Preface
Tonotopia is a collection of short creative writings that have emerged over the course of the Languages of Listening research. As part of the writing-as-research process I use the strategy of free writing triggered by a particular theoretical or conceptual issue. I allow this writing to wander where it wants, posing more questions than answers, including contradictions and irrelevancies, until eventually I get to a point where the thoughts cohere with a compression of language that aligns it with poetry. I take these fragments and shape them further into these discrete poetic writings.
The title, Tonotopia, plays on the term tonotopy, which describes the mapping of sound frequencies to specific areas of the cochlea and auditory cortext. Frequencies that are close to each other, are similarly spatially related in the cochlea, with higher sounds received on the outer parts of the spiral and lower sounds on its inner sections. I like the correlation of sound to space that occurs in hearing, and use the term tonotopia to slip sideways into a possibly fanciful world (a utopia) in which sounds and words share a close interdependency.

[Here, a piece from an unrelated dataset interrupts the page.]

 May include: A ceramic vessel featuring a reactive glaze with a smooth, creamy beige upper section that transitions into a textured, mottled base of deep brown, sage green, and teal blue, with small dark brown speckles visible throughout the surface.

These are sensorially silent writings. I have chosen not to include sound here, as I am interested in the potential for the words in themselves to conjure imaginings of sounding and listening. Some pieces are pure descriptions of listening experiences, while others move towards meta-writing in which I am contemplating what it is to write of sound listening. There are also a few pieces that reflect my struggle with the nature of theorising and knowledge industries. I am always anxious that these writings, which are based in my own subjective experience, don’t descend into earnest indulgence. I hope that by infusing this writing with my theoretical explorations—often finding a deeper understanding through this process—that I maintain a level of reflexivity that ensures the writing is robust, rigorous, sometimes even playful and humorous.